Saturday, October 11, 2008


Not long ago, we had a wonderful evening here at the monastery. We shared a meal with a gathering of long-time friends of our monastic community. Our Abbot, Francis Michael, wanted to express his gratitude to those who came, to thank them for their love and support. He spoke warmly about how much the community values their friendship and presence. I sat at a table and listened to Francis Michael as he spoke and looked about at the people at the other tables. I was asked to take pictures, and I got up a few times, taking some pictures. They came out well – I think I captured as best I could the kind and receptive expressions on the faces of those who listened to him. After one such stroll around the room, I returned to my place and noticed a strange light to my right and when I looked that way, I noticed a slight opening in a large curtain. Through the opening I saw the light – it was a brilliant blend of oranges and reds, purples and golds of the setting sun. I quietly excused myself and went outside to the cloister area and that was when I saw it. A gorgeous rainbow arched across the sky, seeming to begin or end in our lake area and stretching with an endless beauty toward our abbey church steeple. I took a few pictures and then headed back inside and returned to my place. Our night prayers were to begin in just a few minutes, and I knew I would go to them with a sense of gratitude for the evening. I also felt an excitement for having been able to photograph a rainbow.

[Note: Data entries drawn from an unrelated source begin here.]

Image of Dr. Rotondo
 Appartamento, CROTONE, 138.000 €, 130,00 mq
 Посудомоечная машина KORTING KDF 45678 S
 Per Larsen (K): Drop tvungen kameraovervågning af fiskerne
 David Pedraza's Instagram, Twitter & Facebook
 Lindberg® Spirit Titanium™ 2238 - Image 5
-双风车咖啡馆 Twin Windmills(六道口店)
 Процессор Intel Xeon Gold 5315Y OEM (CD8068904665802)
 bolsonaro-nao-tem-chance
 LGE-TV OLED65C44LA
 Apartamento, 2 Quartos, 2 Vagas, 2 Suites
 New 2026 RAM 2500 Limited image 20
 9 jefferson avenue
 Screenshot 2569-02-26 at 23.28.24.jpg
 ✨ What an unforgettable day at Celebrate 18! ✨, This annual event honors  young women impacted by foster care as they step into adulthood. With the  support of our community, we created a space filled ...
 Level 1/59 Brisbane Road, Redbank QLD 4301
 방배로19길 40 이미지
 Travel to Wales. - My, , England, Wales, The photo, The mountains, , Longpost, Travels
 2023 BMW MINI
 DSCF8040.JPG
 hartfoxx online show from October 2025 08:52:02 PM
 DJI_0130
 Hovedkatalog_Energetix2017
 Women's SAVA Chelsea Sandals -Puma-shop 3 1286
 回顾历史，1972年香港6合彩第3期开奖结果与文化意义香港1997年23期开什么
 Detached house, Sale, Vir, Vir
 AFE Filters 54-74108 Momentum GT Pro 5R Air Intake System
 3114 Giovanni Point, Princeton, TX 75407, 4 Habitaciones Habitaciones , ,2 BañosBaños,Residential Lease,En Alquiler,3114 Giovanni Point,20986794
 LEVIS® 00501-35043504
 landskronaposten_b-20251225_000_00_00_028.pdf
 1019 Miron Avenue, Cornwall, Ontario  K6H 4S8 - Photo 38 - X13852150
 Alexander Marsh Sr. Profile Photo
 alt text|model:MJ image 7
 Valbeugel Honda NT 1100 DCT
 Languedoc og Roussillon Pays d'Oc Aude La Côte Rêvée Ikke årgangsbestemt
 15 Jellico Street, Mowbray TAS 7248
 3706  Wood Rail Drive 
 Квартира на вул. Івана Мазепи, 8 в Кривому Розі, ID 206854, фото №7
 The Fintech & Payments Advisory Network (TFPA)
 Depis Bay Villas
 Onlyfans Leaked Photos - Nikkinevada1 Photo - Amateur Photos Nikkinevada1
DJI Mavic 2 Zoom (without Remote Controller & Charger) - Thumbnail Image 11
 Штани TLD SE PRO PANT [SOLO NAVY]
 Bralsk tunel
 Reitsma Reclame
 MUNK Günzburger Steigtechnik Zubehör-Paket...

It is a safe bet that every person who has ever lived has been enthralled by rainbows. The rainbow enjoys a prominent place in folklore, mythology, in religious texts. It is a rainbow that God sends to let Noah know that the deluge was over and that his wandering on the flooded earth would come to an end. It is a rainbow that some have followed, hoping to find at its end a pot of gold. It is a rainbow that arches over the Emerald City when Dorothy sees it for the first time after a long journey in the classic tale “The Wizard of Oz.” Perhaps a common theme beneath such variations is that despite all the turmoil of life and amidst all its sorrow, something beautiful comes and we look up and take the hope that it offers – that God is leading us all somewhere. And every now and then he sends a sign. And so it is that we take heart in whatever comes that may promise something good. We gladly follow a yellow brick road, or the sight of land, or look real carefully for that pot of gold.
Rainbows are high and elusive. There is a song about the seeking of lasting good in this life being like chasing rainbows. Rainbows recede as we move toward them. And they do not last very long. They exist through a prism like crystallization of moisture and sun, or rain and light. When the sun shines through the rain, a rainbow appears.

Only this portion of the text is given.